# My other baby.



## jasugar (Feb 2, 2010)

This is Winnifred, my sweet bunbun. According to the breeder, she's part lop part rex (accidental litter). Her ears are a total riot. One will hang kinda lopsided while the other is straight up, both will lop, both will stand up, it's like she has bad hair days. She's probably one of the most ornery animals on the face of the earth. She pretty much only loves myself & my boyfriend. But when she loves, she really loves! She'll take naps in my lap and loooooooves frozen carrots. She's quite a bit bigger than this now, this was when I first got her. 

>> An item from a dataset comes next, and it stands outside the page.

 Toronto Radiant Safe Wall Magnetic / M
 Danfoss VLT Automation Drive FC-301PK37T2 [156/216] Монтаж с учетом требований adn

Her favourite thing to do is binky ALL over my room. She leaves no square inch un-binkyed.


----------



## Carina (Jul 28, 2009)

Aaww he's really cute.
I love the little bell he's wearing!


----------



## psycho_ash (Sep 27, 2009)

Oh she's beautiful! I also like that bell... that picture is so pretty. 

What does it mean, she binkys?


----------



## jasugar (Feb 2, 2010)

A binky is pretty much like a happy jump rabbits do when they're excited & happy.  Kind of like a ratty's bruxing, but much more obvious.

http://www.youtube.com/watch?v=fnQGghgiiwI&feature=related <-- here's a video of it. It's quite precious.  They look so carefree.


----------



## thyme (May 25, 2009)

She's absolutely adorable. Now I miss having buns - my last one passed away last April.


----------



## PixieRei (May 22, 2010)

Absolutely gorgeous!


----------